Data segment below:

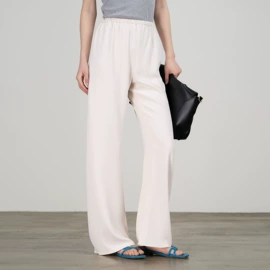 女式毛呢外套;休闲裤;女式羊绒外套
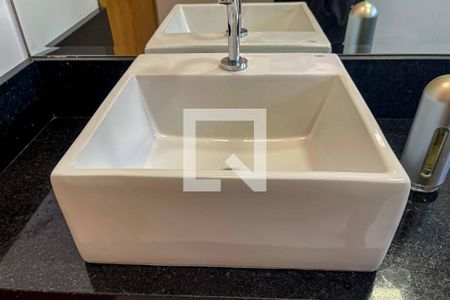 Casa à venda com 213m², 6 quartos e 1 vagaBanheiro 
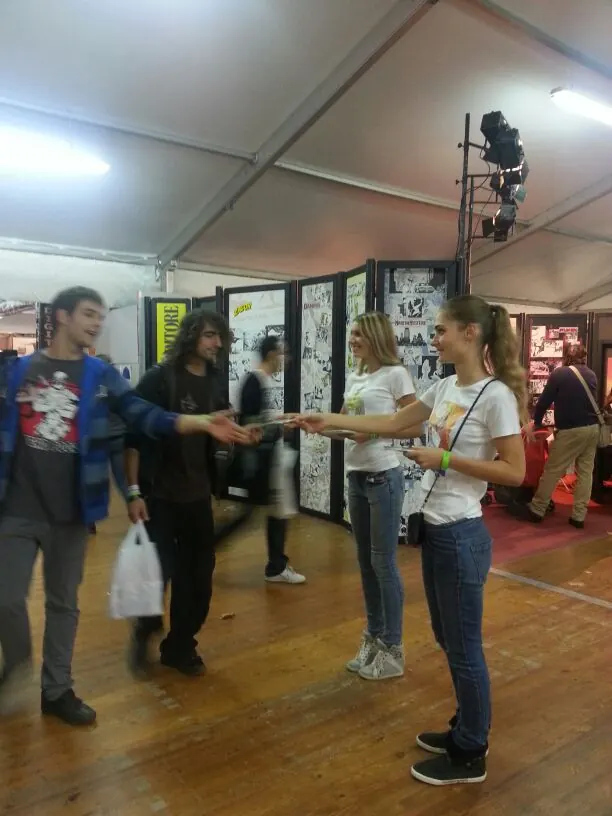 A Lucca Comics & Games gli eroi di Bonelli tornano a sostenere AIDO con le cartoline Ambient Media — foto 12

End of Data segment.

● **Task instructions**
Your copy should hold exactly the lines from the one that contains "Casa à venda" through the final line of the data, both ends included, and no pictures.

● **Finished exercise**
 Casa à venda com 213m², 6 quartos e 1 vagaBanheiro 
 A Lucca Comics & Games gli eroi di Bonelli tornano a sostenere AIDO con le cartoline Ambient Media — foto 12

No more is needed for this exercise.